#### Task prompt
Beginning at the line containing "sticker 10 of 49", give again every line through the end of the data, unchanged and with both ends included. Drop any pictures.

#### Record set

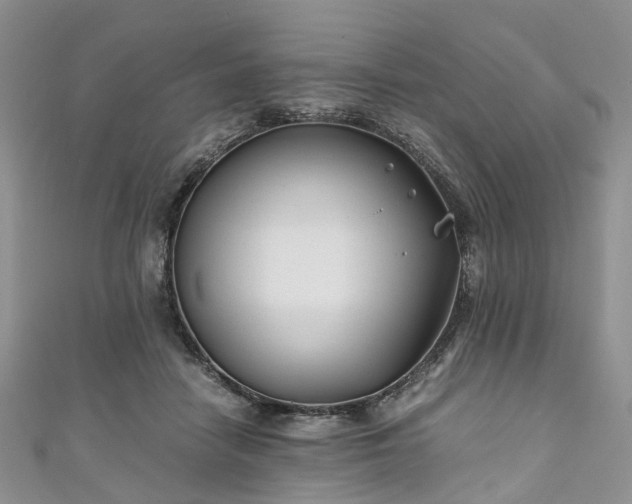 X0000111010458200906261523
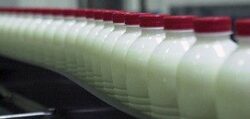 Европейската комисия предложи увеличение на млечните квоти за страните-членки на ЕС с 2%, съобщава Econ.bg, като цитира EUbusiness.com. Така ще може да се задоволиповишеното търсене на млечни продукти в световен мащаб, което вдигна цените им.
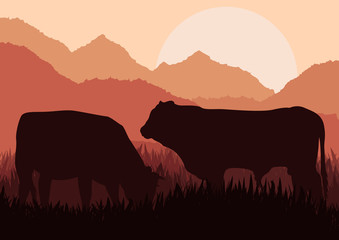 Beef cattle in wild nature landscape illustration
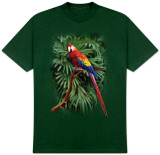 Wildlife-Macaw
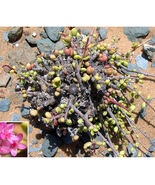 10pcs Ceraria fruticulosa Seeds Lovely potted plants - $747.33 MXN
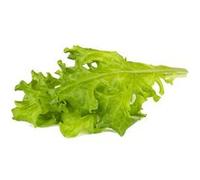 Click & Grow Laitue feuille de chêne / 3-pack - Capsules de salade pour jardin d’intérieur intelligent G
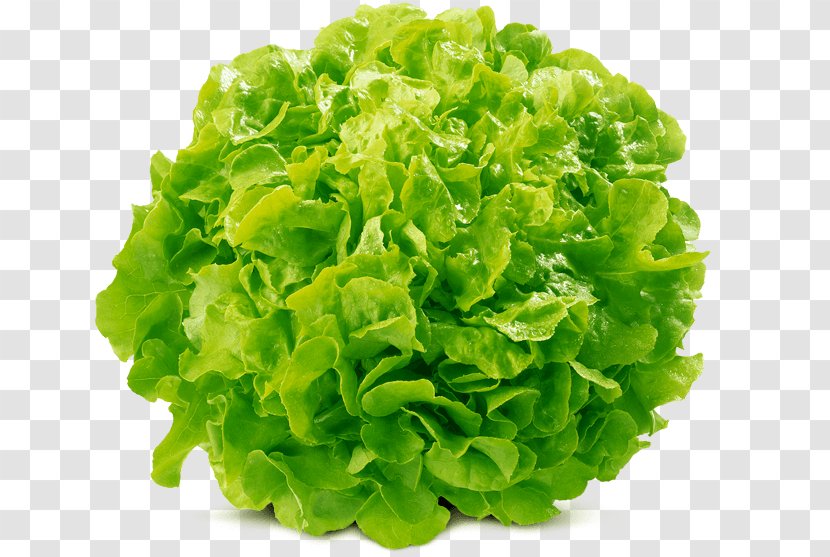 Romanesco Broccoli Cauliflower Mathematics Vegetable Transparent PNG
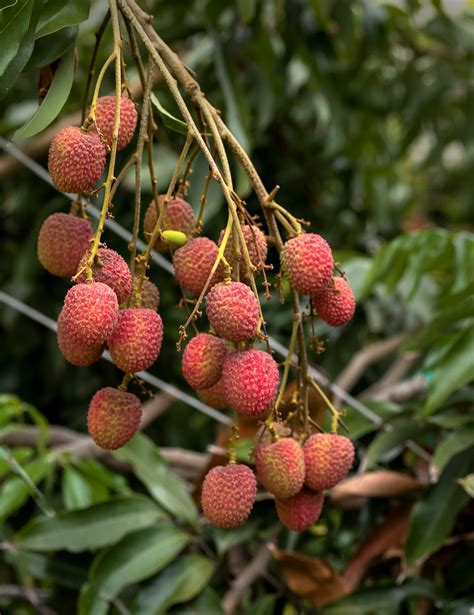 Pin By Tropicalbonsaisainursery On Sweet Heart Lychee Fruit Tree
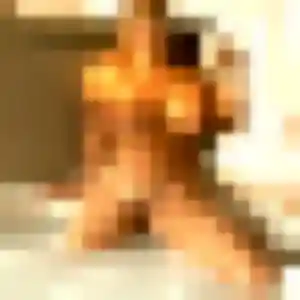 Photo perso de Apolline, 28 ans à Beauzelle - rencontre coquine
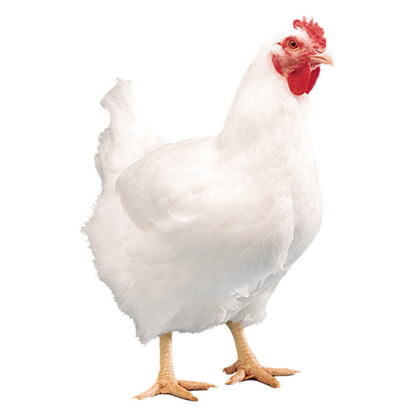 Live Broiler Chicken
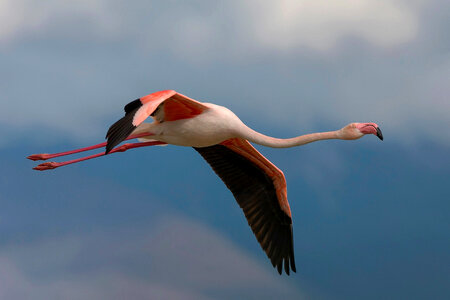 Flamingo bird photo
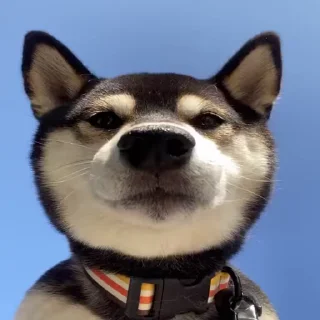 😐 emoji - By - @Darkdate - Telegram sticker 10 of 49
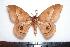  ( - BC-Dec1234)  @13 [ ] Copyright (2010) Unspecified Research Collection of Thibaud Decaens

#### Finished exercise
 😐 emoji - By - @Darkdate - Telegram sticker 10 of 49
  ( - BC-Dec1234)  @13 [ ] Copyright (2010) Unspecified Research Collection of Thibaud Decaens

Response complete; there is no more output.